[Material shown]
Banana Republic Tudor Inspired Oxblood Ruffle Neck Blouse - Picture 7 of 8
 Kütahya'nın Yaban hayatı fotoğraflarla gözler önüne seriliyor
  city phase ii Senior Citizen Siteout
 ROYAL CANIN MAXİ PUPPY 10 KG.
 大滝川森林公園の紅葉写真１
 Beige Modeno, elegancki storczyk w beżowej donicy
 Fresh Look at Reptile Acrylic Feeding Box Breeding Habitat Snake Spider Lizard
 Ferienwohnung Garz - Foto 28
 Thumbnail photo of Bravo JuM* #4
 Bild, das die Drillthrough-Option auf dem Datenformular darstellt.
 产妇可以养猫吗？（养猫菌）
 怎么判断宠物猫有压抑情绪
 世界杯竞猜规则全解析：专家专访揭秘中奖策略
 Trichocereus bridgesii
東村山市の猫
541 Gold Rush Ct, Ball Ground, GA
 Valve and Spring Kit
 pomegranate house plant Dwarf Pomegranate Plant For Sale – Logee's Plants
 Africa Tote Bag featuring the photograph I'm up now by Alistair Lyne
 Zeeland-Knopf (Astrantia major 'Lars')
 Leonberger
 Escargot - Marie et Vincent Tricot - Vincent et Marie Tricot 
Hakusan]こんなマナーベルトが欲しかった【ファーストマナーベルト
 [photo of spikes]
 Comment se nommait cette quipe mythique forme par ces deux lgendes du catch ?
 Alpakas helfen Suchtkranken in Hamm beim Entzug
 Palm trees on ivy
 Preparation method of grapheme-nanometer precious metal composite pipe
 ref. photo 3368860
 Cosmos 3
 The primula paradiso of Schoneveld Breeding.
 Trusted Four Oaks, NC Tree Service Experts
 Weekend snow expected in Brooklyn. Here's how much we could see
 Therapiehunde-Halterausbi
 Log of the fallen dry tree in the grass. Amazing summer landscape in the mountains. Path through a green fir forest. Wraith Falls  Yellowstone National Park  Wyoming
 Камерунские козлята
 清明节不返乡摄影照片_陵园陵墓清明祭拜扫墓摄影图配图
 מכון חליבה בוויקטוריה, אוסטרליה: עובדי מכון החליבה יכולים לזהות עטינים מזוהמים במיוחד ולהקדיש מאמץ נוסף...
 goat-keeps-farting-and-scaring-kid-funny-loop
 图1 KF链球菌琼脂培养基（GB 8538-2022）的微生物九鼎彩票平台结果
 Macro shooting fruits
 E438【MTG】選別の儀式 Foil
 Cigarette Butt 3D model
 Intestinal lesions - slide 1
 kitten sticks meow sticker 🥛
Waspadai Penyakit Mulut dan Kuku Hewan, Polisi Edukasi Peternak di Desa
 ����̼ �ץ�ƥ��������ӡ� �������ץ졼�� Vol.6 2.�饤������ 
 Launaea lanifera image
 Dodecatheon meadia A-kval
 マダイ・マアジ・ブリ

[What you need to do]
Filter the material for the word "Breeding" and copy each matching line.

[Exercise response]
 Fresh Look at Reptile Acrylic Feeding Box Breeding Habitat Snake Spider Lizard
 The primula paradiso of Schoneveld Breeding.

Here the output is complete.